Abdul Maqin Horas Djulius Rizki Wahyuniardi
Dengan menyimak data-data tersebut, dukungan Pemerintah Pusat kepada IKM TPT Nasional, khusunya di Jawa Barat memang telah lama dilakukan. Namun berdasarkan survei awal dan kegiatan FGD yang telah dilakukan, keberadaan program ini belum sepenuhnya diketahui oleh para stakeholder IKM TPT di Pusat Ekonomi Bandung. Hal tersebut terjadi karena sosialisasi yang dilakukan Pemerintah Pusat belum terkoordinasi dengan baik dengan Pihak Pemerintah Provinsi maupun Kota/Kabupaten Bandung dan Cimahi. Issue kedua yang diangkat adalah menurunnya dana restrukturisasi permesinan tekstil yang dilakukan oleh Ditjen IKM Kemenperin. Berdasarkan Petunjuk Teknis Program Restrukturisasi Mesin dan/atau Peralatan IKM 2012, program ini merupakan program pemberian stimulus potongan harga sebesar 35–40 % bagi IKM TPT yang akan melakukan investasi mesin dan/atau peralatannya. Stimulus sebesar 35% diberikan kepada IKM yang membeli mesin dan/atau peralatannya dari produsen luar negeri, sedangkan 40% diberikan kepada IKM yang membeli dari produsen dalam negeri. Untuk memperoleh dana stimlus tersebut, IKM yang berminat mengikuti program harus mengikuti seleksi secara ketat yang dilakukan oleh Konsultan Pengelola Program (KPP) yang ditunjuk oleh Ditjen IKM Kementerian Perindustrian.
KPP berkewajiban melakukan sosialisasi, penerimaan dokumen persyaratan, penilaian hingga pemberian rekomendasi kepada Ditjen IKM Kementerian Perindustrian dalam menentukan IKM yang layak menerima dana stimulus tersebut. Kesiapan IKM dalam mengikuti program ini cukup banyak. Tercatat dalam Petunjuk Teknis Program Restrukturisasi Mesin dan/atau Peralatan IKM 2012, terdapat persyaratan mengenai Legalitas Usaha, Proposal Kelayakan Usaha (PKU) dan berbagai macam kesiapan dokumen terkait dengan kesiapan finansial dari IKM peserta, terkait dengan keuangan IKM secara mandiri maupun dukungan lembaga keuangan yang berada di belakangnya. Belum lagi dipersyaratkan bahwa investasi mesin dan/atau peralatan telah dilakukan terlebih dahulu oleh IKM hingga tanggal 31 Oktober 2012 yang mengartikan bahwa IKM telah melakukan investasi terlebih dahulu. Tentunya hal ini mengharuskan IKM betul-betul siap secara finansial. Terdapat persepsi di kalangan masyarakat bahwa sektor perbankan enggan memberikan pinjaman kepada industri yang dikenal dengan istilah “sunset industries” yaitu industri tekstil, garmen, dan indsutri sepatu. Aketiga jenis industri tersebut dianggap oleh sebagian besar pihak perbankan sebagai industri yang kurang menguntungkan dan oleh karena itu akses kredit untuk industri tersebut menjadi sulit (Negara, 2009).

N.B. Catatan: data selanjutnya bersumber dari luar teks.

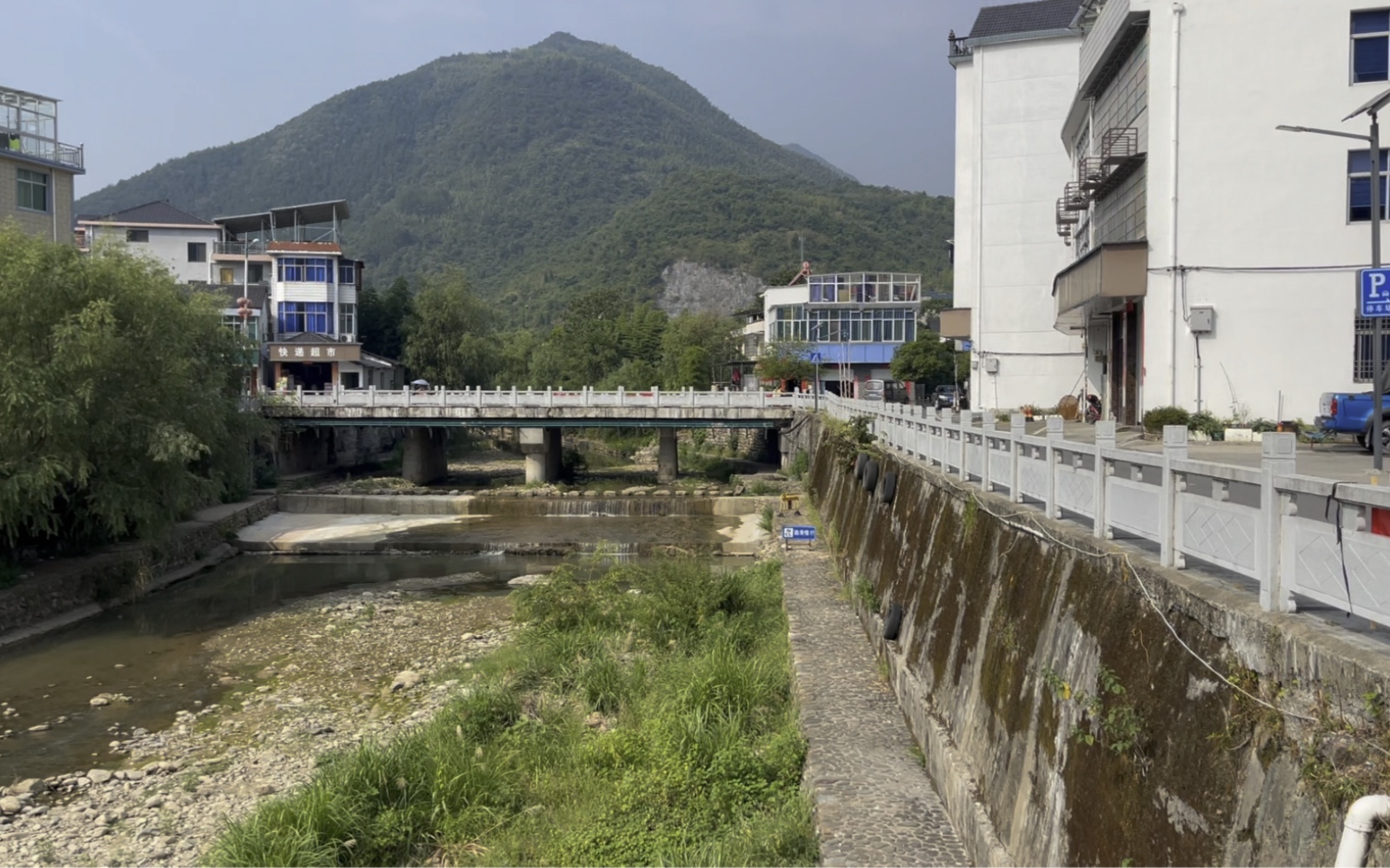 都说浙江富裕,带你们看看真实的浙江农村,这在全国是什么水平?|浙江省衢州市衢江区上方镇中心小学哔哩哔哩bilibili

Tabel 2. Proses Triangulasi Issue Kedua Informan
Tanggapan Informan
Pihan Kemenperin
Khusus untuk IKM pemerintah telah memulainya sejak tahun 2009 dan terus mengevaluasinya demi penyempurnaan.
Pihak Dinas IKM Kab. Bandung
Sepanjang diketahui dari para pelaku usaha, banyak persyaratan keikutsertaan dalam program restrukturisasi tersebut yang sulit dipenuhi oleh IKM.
Pihan Kemenperin
Sebenarnya anggaran yang disampaikan tidak menurun tapi karena calon peserta banyak yang tidak memenuhi persyaratan makan serapannya yang turun (menyerahkan buku Juknis Program yang terbaru)
Tanggapan Peneliti Dilihat dari data yang ada, nilai yang tersalurkan semakin kecil dalam kurun waktu 2009–2011 (data ditampilkan). Bagaimana tanggapan para pembina IKM di tingkat kota/kabupaten dan pelaku usaha.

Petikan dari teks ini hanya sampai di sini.